On the other hand, when you type:
b = a[0]
you are getting back an array-scalar which is a particularly interesting kind of array scalar that can hold records. This new object is formally of type numpy.void and it holds a "scalar representation" of anything that fits under the "VOID" basic dtype.
For some reason:
b['tuple'] = [1,2]
is not working. On my system I'm getting a different error: TypeError: object of type 'int' has no len()
I think this should be filed as a bug on the issue tracker which is for the time being here: http://projects.scipy.org/numpy
The problem is ultimately the void->copyswap function being called in voidtype_setfields if someone wants to investigate. I think this behavior should work.
An explanation for this is given in a numpy bug report.
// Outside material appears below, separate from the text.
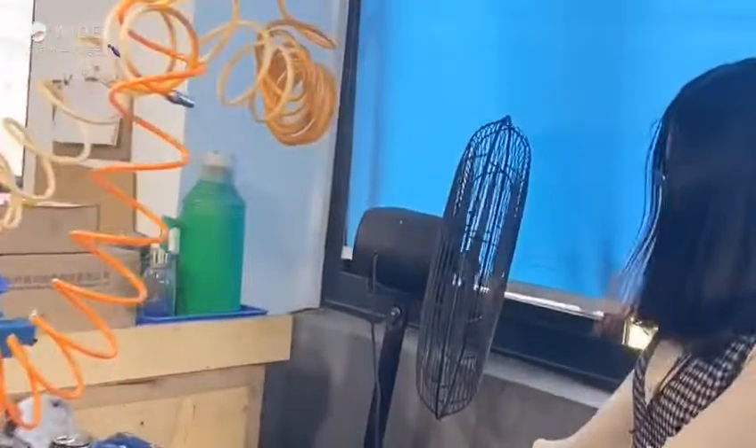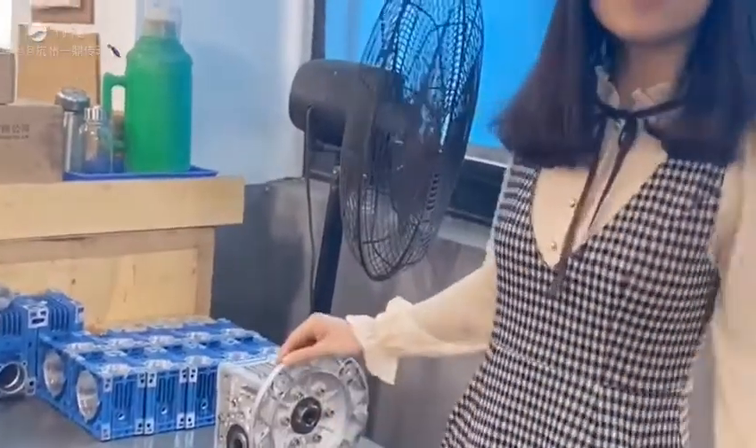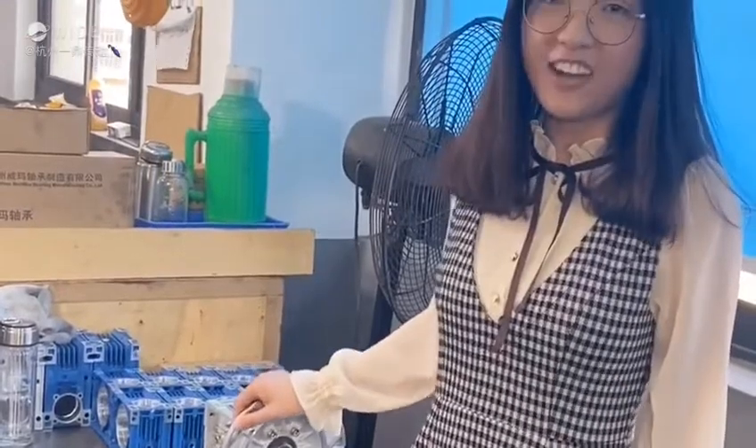Look, this is our assembled gearbox. It has a beautiful appearance of course. This place is also beautiful. So if you have any demand about it, please give me your order. Thank you.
I get a different error than you do (using numpy 1.7.0.dev):
ValueError: setting an array element with a sequence.
so the explanation below may not be correct for your system (or it could even be the wrong explanation for what I see).
First, notice that indexing a row of a structured array gives you a numpy.void object (see data type docs)
import numpy as np
dt = np.dtype([('tuple', (int, 2))])
a = np.zeros(3, dt)
print type(a[0]) # = numpy.void
From what I understand, void is sort of like a Python list since it can hold objects of different data types, which makes sense since the columns in a structured array can be different data types.
If, instead of indexing, you slice out the first row, you get an ndarray:
print type(a[:1]) # = numpy.ndarray
This is analogous to how Python lists work:
b = [1, 2, 3]
print b[0] # 1
print b[:1] # [1]
Slicing returns a shortened version of the original sequence, but indexing returns an element (here, an int; above, a void type).
So when you slice into the rows of the structured array, you should expect it to behave just like your original array (only with fewer rows). Continuing with your example, you can now assign to the 'tuple' columns of the first row:
a[:1]['tuple'] = (1, 2)
So,... why doesn't a[0]['tuple'] = (1, 2) work?
Well, recall that a[0] returns a void object. So, when you call
a[0]['tuple'] = (1, 2) # this line fails
you're assigning a tuple to the 'tuple' element of that void object. Note: despite the fact you've called this index 'tuple', it was stored as an ndarray:
print type(a[0]['tuple']) # = numpy.ndarray
So, this means the tuple needs to be cast into an ndarray. But, the void object can't cast assignments (this is just a guess) because it can contain arbitrary data types so it doesn't know what type to cast to. To get around this you can cast the input yourself:
a[0]['tuple'] = np.array((1, 2))
The fact that we get different errors suggests that the above line might not work for you since casting addresses the error I received---not the one you received.
Addendum:
So why does the following work?
a[0]['tuple'][:] = (1, 2)
Here, you're indexing into the array when you add [:], but without that, you're indexing into the void object. In other words, a[0]['tuple'][:] says "replace the elements of the stored array" (which is handled by the array), a[0]['tuple'] says "replace the stored array" (which is handled by void).
Epilogue:
Strangely enough, accessing the row (i.e. indexing with 0) seems to drop the base array, but it still allows you to assign to the base array.
print a['tuple'].base is a # = True
print a[0].base is a # = False
a[0] = ((1, 2),) # `a` is changed
Maybe void is not really an array so it doesn't have a base array,... but then why does it have a base attribute?
This was an upstream bug, fixed as of NumPy PR #5947, with a fix in 1.9.3.